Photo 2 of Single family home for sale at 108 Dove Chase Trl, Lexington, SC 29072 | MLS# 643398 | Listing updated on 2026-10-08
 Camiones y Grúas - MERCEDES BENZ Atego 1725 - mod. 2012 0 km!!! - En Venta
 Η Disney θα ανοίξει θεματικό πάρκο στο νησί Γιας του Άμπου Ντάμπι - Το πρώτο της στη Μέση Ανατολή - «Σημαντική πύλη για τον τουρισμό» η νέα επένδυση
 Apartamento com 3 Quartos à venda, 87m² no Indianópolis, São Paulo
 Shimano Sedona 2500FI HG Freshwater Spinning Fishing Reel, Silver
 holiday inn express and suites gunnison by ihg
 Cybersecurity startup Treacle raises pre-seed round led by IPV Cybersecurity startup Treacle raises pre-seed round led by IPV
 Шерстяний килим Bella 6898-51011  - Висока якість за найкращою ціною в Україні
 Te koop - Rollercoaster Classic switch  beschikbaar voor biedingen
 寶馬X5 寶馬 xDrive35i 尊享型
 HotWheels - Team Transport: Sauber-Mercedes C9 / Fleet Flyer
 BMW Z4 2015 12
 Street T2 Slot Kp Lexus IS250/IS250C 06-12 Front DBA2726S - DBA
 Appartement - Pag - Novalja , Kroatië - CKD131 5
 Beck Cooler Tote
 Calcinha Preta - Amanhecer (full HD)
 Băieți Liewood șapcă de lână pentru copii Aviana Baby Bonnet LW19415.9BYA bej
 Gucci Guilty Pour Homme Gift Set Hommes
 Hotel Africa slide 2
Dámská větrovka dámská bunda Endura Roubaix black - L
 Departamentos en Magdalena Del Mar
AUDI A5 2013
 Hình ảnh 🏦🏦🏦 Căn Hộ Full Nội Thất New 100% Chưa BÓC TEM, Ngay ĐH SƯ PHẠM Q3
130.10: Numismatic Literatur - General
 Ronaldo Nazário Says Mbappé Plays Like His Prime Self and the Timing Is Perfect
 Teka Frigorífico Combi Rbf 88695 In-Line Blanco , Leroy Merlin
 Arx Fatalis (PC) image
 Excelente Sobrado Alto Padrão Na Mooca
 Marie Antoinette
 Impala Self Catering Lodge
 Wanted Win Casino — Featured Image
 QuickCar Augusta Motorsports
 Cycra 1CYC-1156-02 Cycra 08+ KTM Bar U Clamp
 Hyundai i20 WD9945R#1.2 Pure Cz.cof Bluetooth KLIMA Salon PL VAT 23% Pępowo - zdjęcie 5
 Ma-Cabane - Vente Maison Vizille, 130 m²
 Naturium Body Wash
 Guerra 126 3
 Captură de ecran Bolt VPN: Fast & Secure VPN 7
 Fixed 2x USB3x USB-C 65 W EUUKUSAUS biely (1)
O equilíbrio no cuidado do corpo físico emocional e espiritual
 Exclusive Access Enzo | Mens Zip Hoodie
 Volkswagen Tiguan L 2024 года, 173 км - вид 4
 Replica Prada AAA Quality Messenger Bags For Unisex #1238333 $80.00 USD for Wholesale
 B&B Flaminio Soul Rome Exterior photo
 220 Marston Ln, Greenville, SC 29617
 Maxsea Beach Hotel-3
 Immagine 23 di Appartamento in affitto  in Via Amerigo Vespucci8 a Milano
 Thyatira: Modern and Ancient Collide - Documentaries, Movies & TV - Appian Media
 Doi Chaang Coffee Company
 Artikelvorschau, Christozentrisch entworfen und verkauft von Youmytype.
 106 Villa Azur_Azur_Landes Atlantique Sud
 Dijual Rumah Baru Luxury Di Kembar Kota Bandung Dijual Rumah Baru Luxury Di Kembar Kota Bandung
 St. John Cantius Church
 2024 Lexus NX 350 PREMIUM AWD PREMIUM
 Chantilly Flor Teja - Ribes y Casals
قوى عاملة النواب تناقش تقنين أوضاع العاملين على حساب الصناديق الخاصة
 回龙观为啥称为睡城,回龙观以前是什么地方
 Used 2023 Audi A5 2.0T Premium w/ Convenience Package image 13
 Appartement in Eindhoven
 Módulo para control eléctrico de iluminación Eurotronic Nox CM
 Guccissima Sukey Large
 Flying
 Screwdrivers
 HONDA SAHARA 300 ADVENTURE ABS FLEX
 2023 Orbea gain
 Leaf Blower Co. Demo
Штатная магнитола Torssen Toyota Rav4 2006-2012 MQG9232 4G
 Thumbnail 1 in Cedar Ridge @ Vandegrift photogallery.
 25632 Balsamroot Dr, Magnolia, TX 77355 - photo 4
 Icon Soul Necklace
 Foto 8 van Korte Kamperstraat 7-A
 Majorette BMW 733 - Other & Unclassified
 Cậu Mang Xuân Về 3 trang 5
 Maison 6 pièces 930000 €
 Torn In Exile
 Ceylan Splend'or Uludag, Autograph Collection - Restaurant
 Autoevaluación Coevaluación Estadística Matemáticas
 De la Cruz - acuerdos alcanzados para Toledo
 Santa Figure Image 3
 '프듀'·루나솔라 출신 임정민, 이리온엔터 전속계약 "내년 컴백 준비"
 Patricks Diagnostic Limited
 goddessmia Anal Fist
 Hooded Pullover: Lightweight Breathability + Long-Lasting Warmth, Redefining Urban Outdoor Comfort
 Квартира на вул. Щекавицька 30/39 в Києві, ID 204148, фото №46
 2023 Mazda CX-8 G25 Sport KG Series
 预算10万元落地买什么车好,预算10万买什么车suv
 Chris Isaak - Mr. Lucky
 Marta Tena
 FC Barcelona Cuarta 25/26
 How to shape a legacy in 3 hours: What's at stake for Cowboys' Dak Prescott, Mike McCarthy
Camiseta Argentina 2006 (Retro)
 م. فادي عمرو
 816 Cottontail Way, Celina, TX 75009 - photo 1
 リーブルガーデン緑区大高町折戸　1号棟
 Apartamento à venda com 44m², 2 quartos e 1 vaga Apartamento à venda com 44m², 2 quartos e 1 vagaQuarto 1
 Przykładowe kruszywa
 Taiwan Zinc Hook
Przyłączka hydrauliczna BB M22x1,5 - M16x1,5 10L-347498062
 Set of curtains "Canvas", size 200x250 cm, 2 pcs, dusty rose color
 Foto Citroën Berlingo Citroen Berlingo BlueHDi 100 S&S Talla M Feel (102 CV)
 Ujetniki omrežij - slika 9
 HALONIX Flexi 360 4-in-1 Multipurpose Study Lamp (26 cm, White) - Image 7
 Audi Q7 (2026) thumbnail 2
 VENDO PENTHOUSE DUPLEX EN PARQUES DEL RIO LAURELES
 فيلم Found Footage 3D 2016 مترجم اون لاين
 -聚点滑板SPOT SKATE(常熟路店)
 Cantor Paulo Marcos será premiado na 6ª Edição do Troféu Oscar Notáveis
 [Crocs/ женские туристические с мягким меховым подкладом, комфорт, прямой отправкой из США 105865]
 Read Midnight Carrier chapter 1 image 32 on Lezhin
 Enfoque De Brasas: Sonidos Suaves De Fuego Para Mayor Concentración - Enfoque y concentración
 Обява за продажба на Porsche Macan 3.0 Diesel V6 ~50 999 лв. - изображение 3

» Brief:
The range runs from the line above containing "B&B Flaminio Soul Rome Exterior photo" to the line containing "Doi Chaang Coffee Company", inclusive. Restate those lines word for word and no others.

» Answer for the task:
 B&B Flaminio Soul Rome Exterior photo
 220 Marston Ln, Greenville, SC 29617
 Maxsea Beach Hotel-3
 Immagine 23 di Appartamento in affitto  in Via Amerigo Vespucci8 a Milano
 Thyatira: Modern and Ancient Collide - Documentaries, Movies & TV - Appian Media
 Doi Chaang Coffee Company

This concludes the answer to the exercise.